Data Camp Intermediate
When you make a list into a dictionary, what do you use for the strings?
' ' not " " I think. Unless I just had to use ' ' because that was a part of the two lists that I was combining into a dictionary.
Numpy Arrays handle how many data types?
1
.loc
No i in it so it is not techy. This one you just write out the names of stuff not the index. Because you are making it easy on yourself, you have to make it harder by using double brackets. listname.loc[["UN"]] But sometimes .loc only requires single brackets and idk why. Maybe it was because the list item was only 1 thing? Idk
3 most common types of booleans
and or not
How do you get the value/definition out of a dictionary? For example, if Europe is your list and you want to know the capital of France, what do you do?
europe['france']
What is the difference between a line chart and a scatter chart?
A line chart has a line, a scatter plot just has the data points.
How to filter a panda series?
Access the column brics["areas"] listname["column_name"] Compare and store as a name brics["areas"] > 8 is_huge = brics["areas"] > 8 Subset the DataFrame brics[is_huge]
How can you remember what a key is?
By remembering that a key is basically a set of key value pairs (typically found in a dictionary based on the lesson but this verbage will probably also apply to a list and other things)
Mutable
Can change the contents after they are created.
Immutable
Cannot be changed
CSV stands for
Comma-separated values.
How do you label rows while also removing the automated row labels 0,1,2,3? Hint: pd.read_csv("path/to/brics.csv")
DataFrame_name = pd.read_csv('DataFrame_name.csv', index_col = 0) you add ,index_col = 0 to the end of the path so it exchanges the automated number labels into the names that you want.
To import CSV data into python as a pandas DataFrame you can use
DataFrame_name = read.csv() OR DataFrame_name = pd.read.csv(' ') DataFrame_name = pd.read.csv('stuff_you_want_to_covert')
How to label the side portion of a chart? (How do you create row labels)
DataFrame_name.index = ["A", "B"]
How can you access both a row and/or a column using the same method?
DataFrame_name.loc[[ " ", " " ] You type in names of stuff, you do not use slicing (numbers)
If you want to select the country column but keep the data in a DataFrame, you will need to use:
Double Square brackets bricks[["country"]]
Historgram
Helps you get an idea of the distribuion of your variables.

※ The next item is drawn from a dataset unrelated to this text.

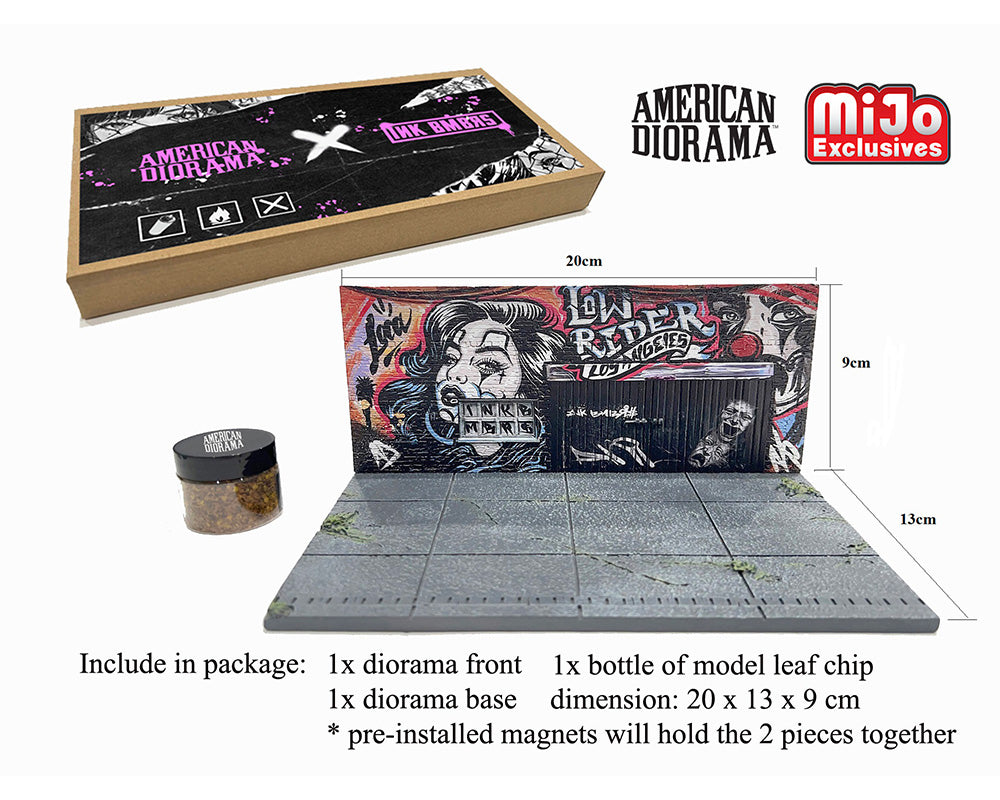 American Diorama 1:64 MiJo Exclusives LA Street Art Diorama Lowrider – Limited Edition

It is the line chart with dots above it
What is the array version of the 3 most common booleans?
logical.and_(equations you want to put in) np.logical_and(bmi<3, bmi<4)

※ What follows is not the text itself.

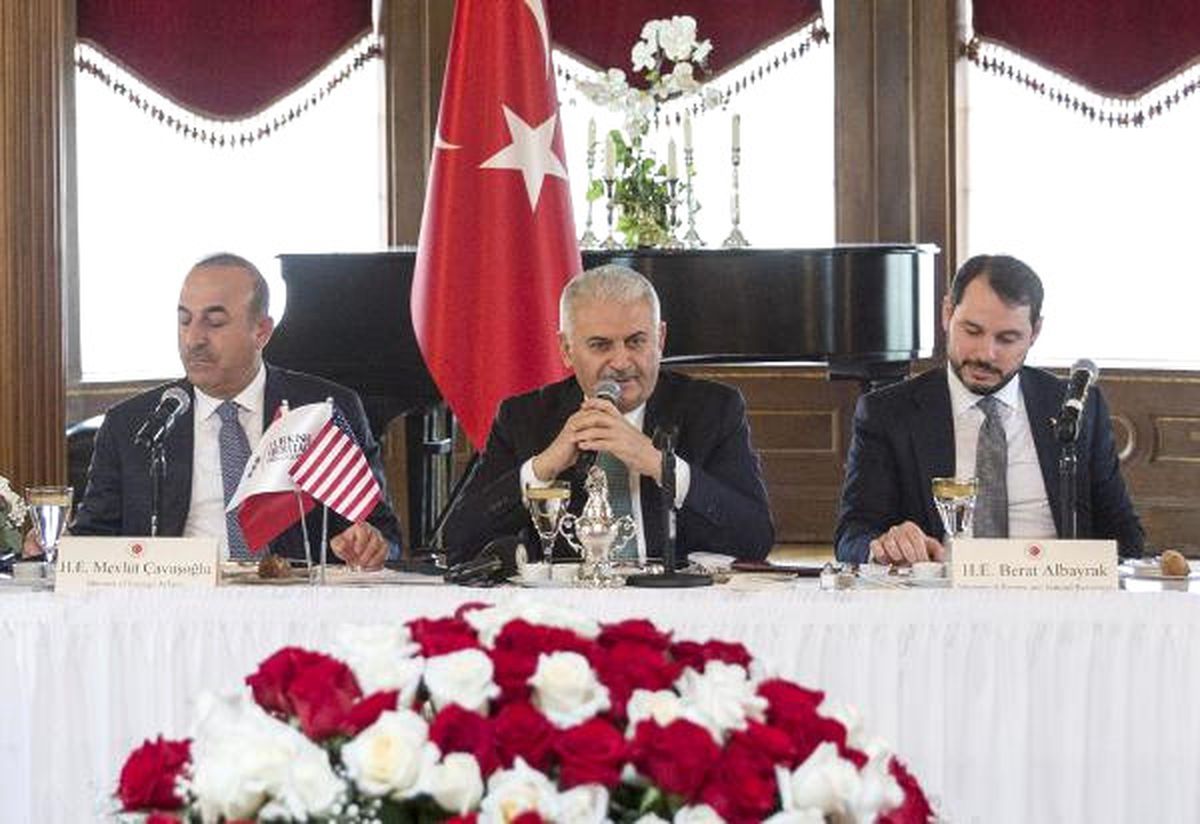 Başbakan Yıldırım, ABD\'de Müslüman Toplumu Temsilcilerine Hitap Etti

In order to create a histogram, you need to import
matplotlib.pyplot as plt
Sometimes creating row labels can take forever and it is typically already stored in a csv list. What would this typically be called?

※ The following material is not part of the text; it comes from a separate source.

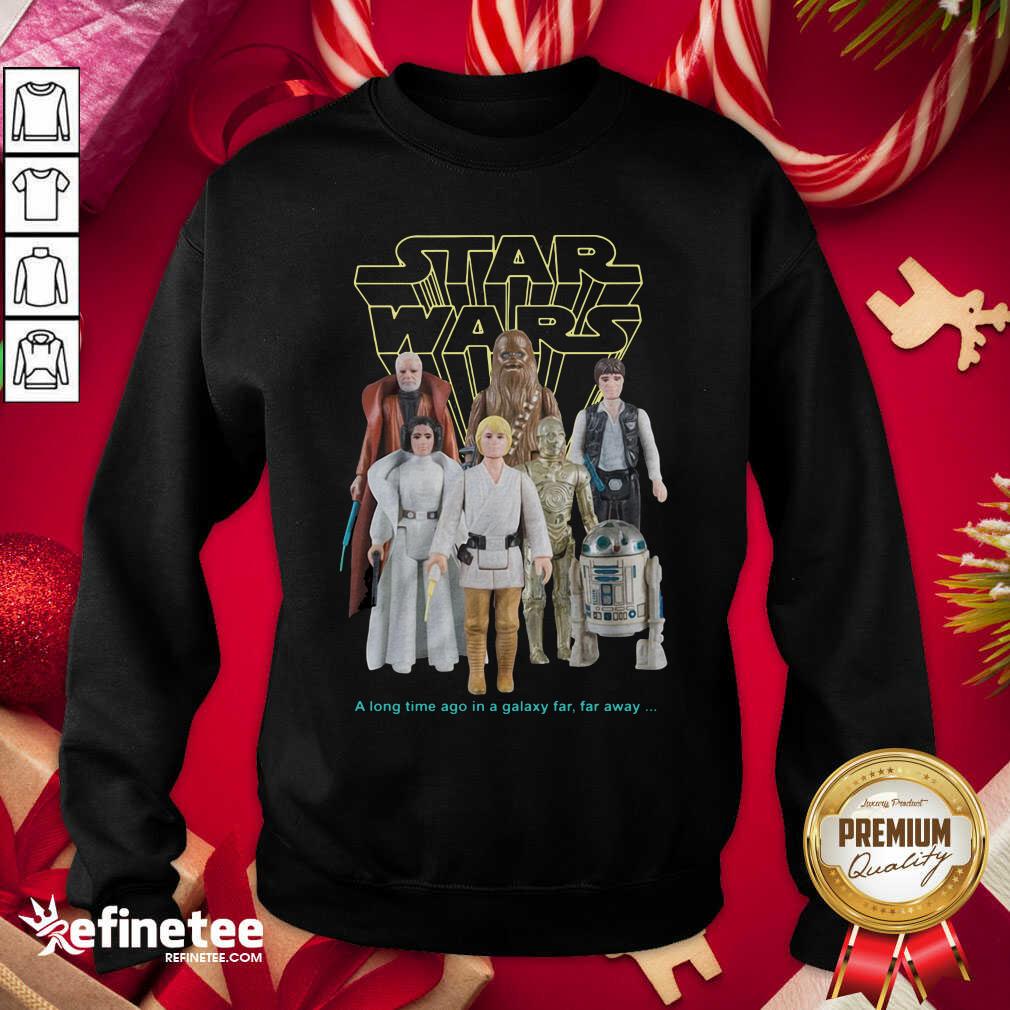 Wonderful Star Wars Good Guys Action Figures Sweatshirt - Design By Refinetee.com Star Wars Good Guys Action Figures Sweatshirt - Design By Refinetee.com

name.csv brics.csv DataFramename.csv .csv Basically anything .csv CSV just stands for comma separated values
How do you make a historgram look nice? How do you clear things up?
plt.clf()
How to draw gridlines on a plot?
plt.grid(True)
How to create a basic plot?
plt.plot(x,y)
How to plot data as a line chart?
plt.plot(x,y)
How to display plt.plot(x,y)?
plt.show()
How display plt.scatter(x,y)?
plt.show() Do not put the list in the parenthesis. For example, to display (x,y) just do plt.show() NOT plt.show(x,y)
How do you title a graph?
plt.title{"World Population")
How to label axis?
plt.xlabel("year") plt.ylabel("population")
How do you put the x-axis on a logarithmic scale?
plt.xscale("log")
How do you specify at what point your y axis starts? For example, how would you specify to start your y axis at 0?
plt.yticks([0,2,4,6,8,10])
How do you give display names of each item?
plt.yticks([0,2,4,6,8,10]) (["0", "2b", "4b", etc.])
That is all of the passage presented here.